Além das demissões, um funcionário foi suspenso por 29 dias. Além disso, três funcionários que têm estabilidade sindical foram suspensos sem remuneração até que sejam submetidos a inquérito no Tribunal Regional do Trabalho (TRT), que vai apurar se houve falta grave e se eles poderiam ser demitidos.

Em nota, o Metrô informou que promoveu as demissões “em função de faltas graves durante a paralisação surpresa”. A companhia alega que a paralisação foi feita de surpresa, sem aviso prévio, “privando a população de serviço essencial”. O Metrô diz que sua decisão é baseada em provas compostas por imagens, áudios e relatórios que indicariam “conduta irregular dos nove profissionais”.
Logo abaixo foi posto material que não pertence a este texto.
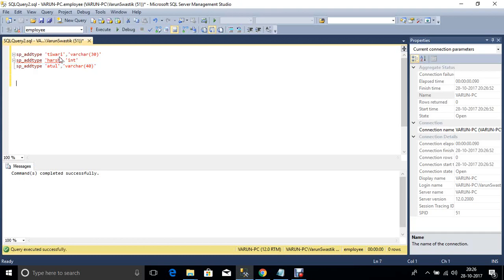Now here we define the user-defined data type. So now create a new table.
Segundo o Metrô, a paralisação no dia 12 de outubro prejudicou os serviços em 49 estações, com interrupção total nas linhas 1-Azul, 3-Vermelha e 15-Prata e operação com velocidade reduzida na Linha 2-Verde. Em nota à imprensa, o Sindicato dos Metroviários disse, na ocasião, que a paralisação do dia 12 ocorreu por advertências que foram aplicadas em retaliação à greve do dia 3 de outubro.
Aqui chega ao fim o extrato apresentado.